### Required action
Repeat exactly, and only, the lines from the line containing "Sydenham Station to Barangaroo map" through the last line of the records below, including both.

### Given entries
═══
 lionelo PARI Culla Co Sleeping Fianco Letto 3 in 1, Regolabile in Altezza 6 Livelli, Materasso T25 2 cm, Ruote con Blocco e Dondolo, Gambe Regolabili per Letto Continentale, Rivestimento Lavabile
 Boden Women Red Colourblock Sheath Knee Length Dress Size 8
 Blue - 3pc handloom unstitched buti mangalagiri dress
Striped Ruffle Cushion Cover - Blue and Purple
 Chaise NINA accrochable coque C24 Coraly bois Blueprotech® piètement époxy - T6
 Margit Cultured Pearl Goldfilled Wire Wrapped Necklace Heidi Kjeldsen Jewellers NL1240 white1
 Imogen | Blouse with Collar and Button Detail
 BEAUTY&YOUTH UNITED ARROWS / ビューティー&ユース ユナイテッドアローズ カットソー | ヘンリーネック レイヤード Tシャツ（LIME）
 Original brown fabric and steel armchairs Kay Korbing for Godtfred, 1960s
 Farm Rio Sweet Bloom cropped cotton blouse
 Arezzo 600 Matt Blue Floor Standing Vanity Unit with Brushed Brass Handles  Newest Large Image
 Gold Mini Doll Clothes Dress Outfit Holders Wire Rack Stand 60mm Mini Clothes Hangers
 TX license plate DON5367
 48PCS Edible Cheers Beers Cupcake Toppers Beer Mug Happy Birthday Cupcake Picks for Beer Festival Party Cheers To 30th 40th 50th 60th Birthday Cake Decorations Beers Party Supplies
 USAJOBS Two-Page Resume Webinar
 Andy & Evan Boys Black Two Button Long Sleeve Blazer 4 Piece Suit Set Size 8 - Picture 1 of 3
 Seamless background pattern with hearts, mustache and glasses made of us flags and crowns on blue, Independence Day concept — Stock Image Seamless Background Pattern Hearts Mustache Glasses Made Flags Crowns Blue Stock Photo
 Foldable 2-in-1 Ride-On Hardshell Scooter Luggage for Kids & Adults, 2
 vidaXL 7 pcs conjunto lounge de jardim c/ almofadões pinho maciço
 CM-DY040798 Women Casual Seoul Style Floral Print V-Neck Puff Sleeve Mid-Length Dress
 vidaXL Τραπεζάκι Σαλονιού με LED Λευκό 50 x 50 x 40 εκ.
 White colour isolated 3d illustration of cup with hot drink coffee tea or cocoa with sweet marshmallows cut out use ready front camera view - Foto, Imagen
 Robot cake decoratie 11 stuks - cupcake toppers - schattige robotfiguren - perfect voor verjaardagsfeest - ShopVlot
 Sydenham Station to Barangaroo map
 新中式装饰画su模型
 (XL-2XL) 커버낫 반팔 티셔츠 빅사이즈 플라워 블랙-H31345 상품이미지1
═══
### Response area
 Sydenham Station to Barangaroo map
 新中式装饰画su模型
 (XL-2XL) 커버낫 반팔 티셔츠 빅사이즈 플라워 블랙-H31345 상품이미지1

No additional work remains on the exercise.